Over the course of this decade, Wall Street banksters have looted more than $100 BILLION from their corporate coffers, in bonuses alone. This includes stealing more than $10 billion in bonuses last year – when they required trillions of dollars in emergency hand-outs to prevent their entire sector from being vaporized by their own reckless gambling.


Now, a year later, these professional thieves are already planning on breaking all their previous records for greed, at a time when these companies are seeing falling revenues, and rising loan losses based on the same series of reckless bets that nearly bankrupted them all last year. Were it not for their success in pushing the government 'regulator' (for lack of a better word) to endorse new, fraudulent accounting rules, most (if not all) of Wall Street would still be reporting multi-billion dollar losses every quarter (see “FASB strong-armed into mark-to-fantasy accounting”).


Anyone inside or outside Wall Street who claims otherwise simply cannot be taken seriously. Residential mortgages, auto loans, student loans, and credit card debt are all simultaneously at record default rates. Commercial real estate had been lagging this collapse, but with the entire commercial real estate market losing 25% of its value in just the last year (according to a Reuters article), it's catching up fast.

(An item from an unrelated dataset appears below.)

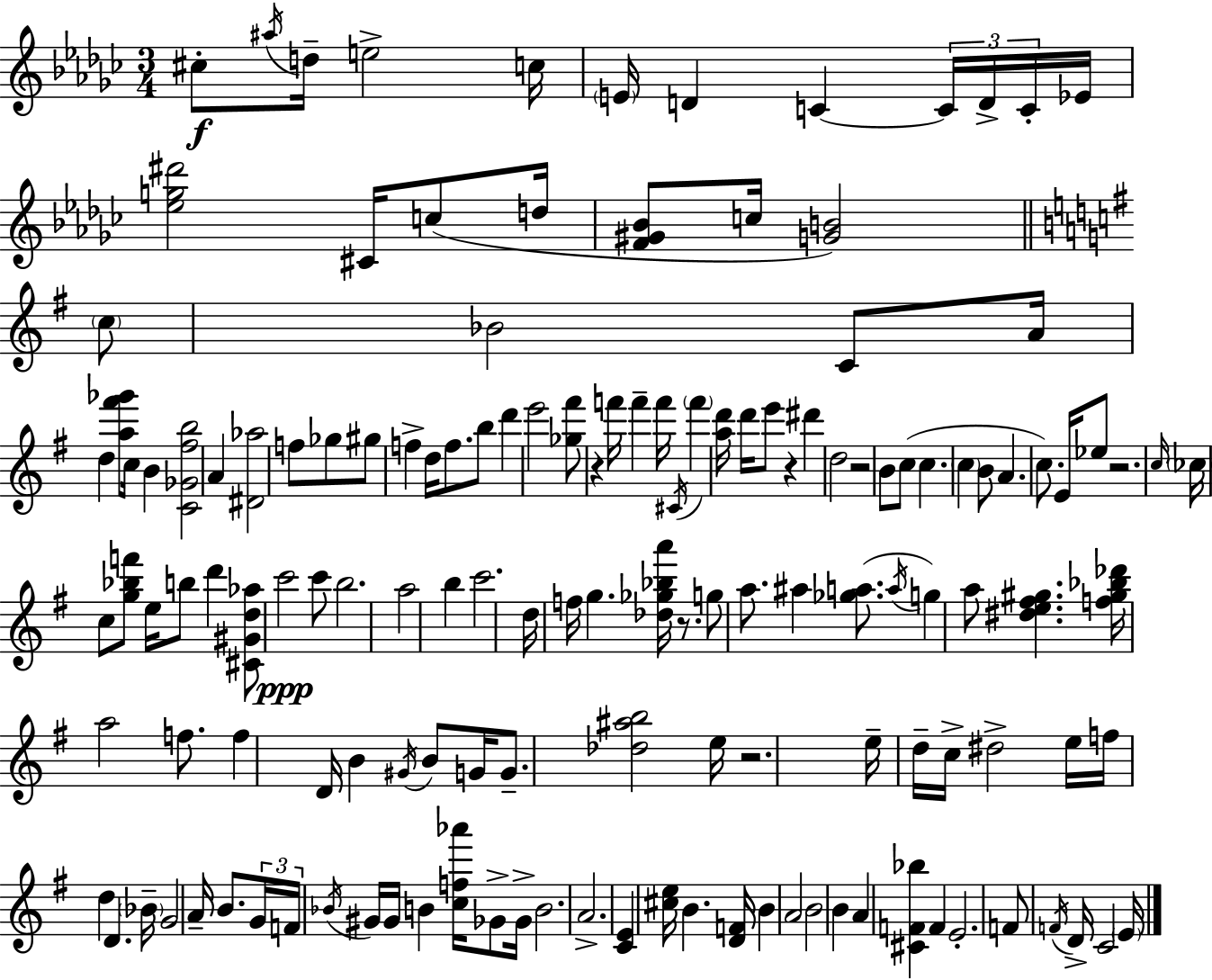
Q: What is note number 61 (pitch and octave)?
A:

Much of this debt has been leveraged by Wall Street, by a minimum of 10:1, with a lot of their reckless gambling still being done at 30:1, or more. At even 10:1 leverage, a 10% loss on the underlying asset takes Wall Street's bets down to zero. The U.S. commercial real estate market is roughly $6.7 trillion in size. Thus, it's very probable that Wall Street is currently sitting with hundreds of billions of dollars in losses in this one sector alone, which it is allowed to hide through fraudulent accounting rules – and with more/bigger losses facing them in the future.


As that Reuters article points out, for the last couple of years, hundreds of billions of dollars of highly-dubious, commercial debt has simply been “rolled over”, creating a building mountain of refinancing needs – at a time when there isn't enough credit available to meet demand for new loans.


Given these parameters, it is very clear what Wall Street has proven itself good at: lying and stealing. It has also shown what it is not good at: making loans, packaging and selling financial products, and managing their own balance sheets. Conventional wisdom would suggest that these criteria should be the primary determinants as to whether a banker is entitled to a “performance bonus”.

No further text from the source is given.